Infrastructure still feels very broken. It’s a very fragmented industry, and although a community seems to be growing around the use of containers for simpler infrastructure, there’s certainly no universal solution. I’m hoping that the community will unite around a single approach over the course of the next couple of years, but time will tell. It’s also one of the reasons that the services indico provides are so valuable to people — it’s difficult to run many machine learning algorithms at scale, so we handle hosting and infrastructure so our users don’t have to.
What do you think are the key skills required to be an effective CTO or technical founder?
It’s very important to listen to and gather feedback from the rest of the team. One of my main roles is aggregating opinions and information. Oftentimes, it’s not myself that’s the most qualified to make a decision. It is my role to aggregate that feedback and learn what the organization believes is the best solution.
It’s also important to very quickly understand that your own productivity should not be measured by technical output. Measuring the productivity of a CTO by measuring code output is a very, very poor metric. Productivity, for me, means enabling people to function uninterrupted and helping to break up work into components that are easily handled.
Communication is key. It’s my job to be able to communicate our company’s technical aspects to people who perhaps don’t come from a great technical background. Learning to cross that language barrier has been tough, especially when you’re working in an industry like machine learning. Learning to communicate some of the same concepts in everyday language is critical.
Communication is always a huge barrier for any new idea.
I found that there are a lot of analogs between software architecture and good methods of running a company. A lot of the red flags in architecture are similar to the red flags in an organization.
Like the idea of spaghetti code — the idea that there are too many components responsible for a single function as opposed to having each component be responsible for a single action. That was a pain we felt in the early days of indico. It wasn’t clear who was responsible for what aspects of the company. It took a while for us to figure out how to effectively route tasks throughout the organization and to ensure that the proper people contributed to decisions. Having everyone have a say in every decision doesn’t necessarily contribute to a good decision-making process. It just contributes to confusion.

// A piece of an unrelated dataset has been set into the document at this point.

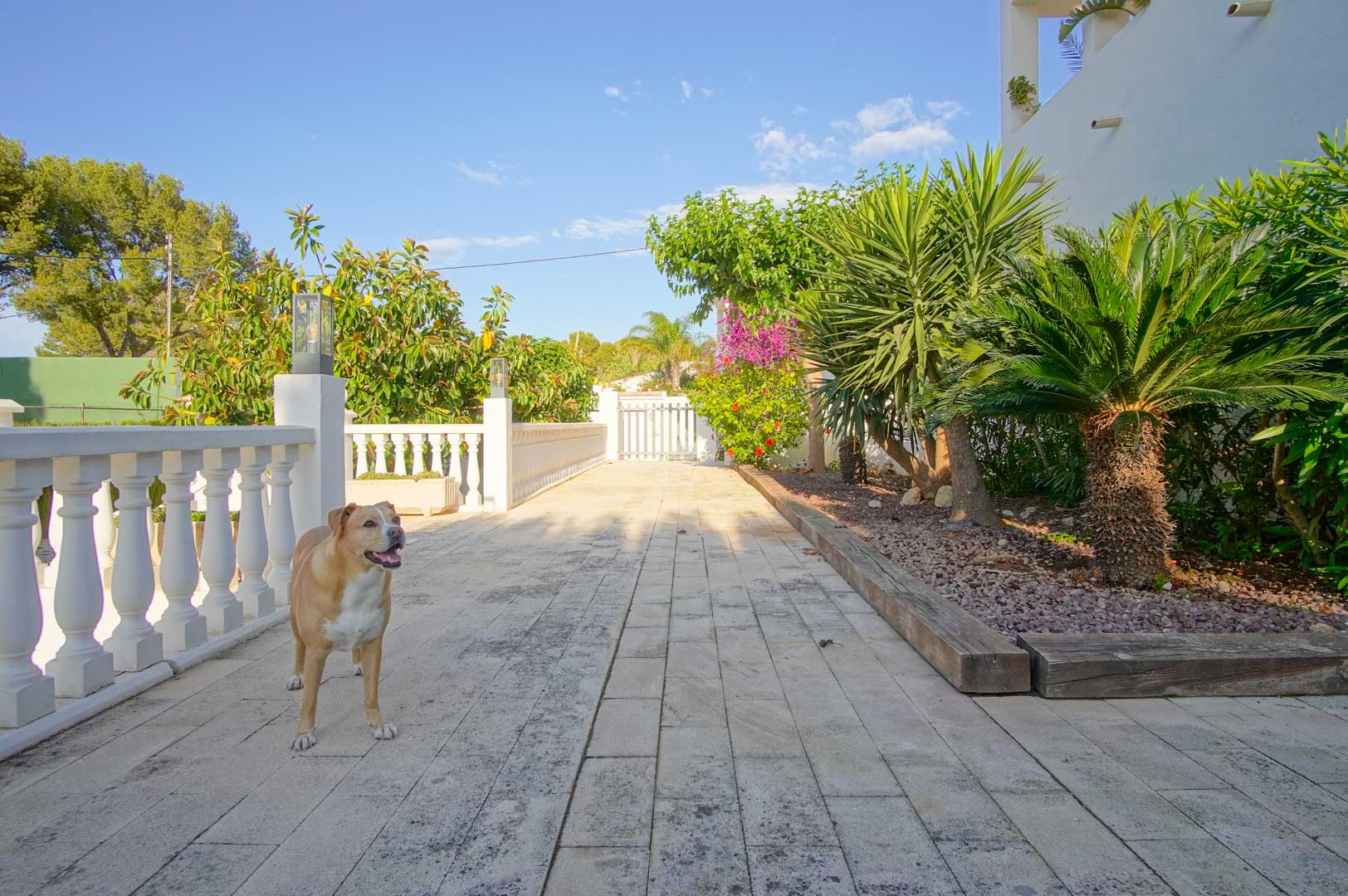 Spacious stone-paved terrace featuring a classic white balustrade, bordered by mature Mediterranean gardens with palms, cycads, and vibrant bougainvillea.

There are also similarities in the principle of redundancy. We have been working hard on knowledge transfer, so that no knowledge resides in the head of a single person. Knowledge should spread out across our organization so we can continue to function in the absence of an individual.
If you could go back in time, what advice would you give yourself?
I would want to communicate to my former self that you should approach urgency in a different way. Early on, I felt a lot of urgency to get things done and to ship products, to make rapid decisions. That feels rewarding because rapid decisions lead to rapid change. But in reality, it’s also very important to make well-informed decisions. Don’t confuse short term growth with long term sustainability. The things that are good indicators in the very short term are not necessarily good indicators in the longer term.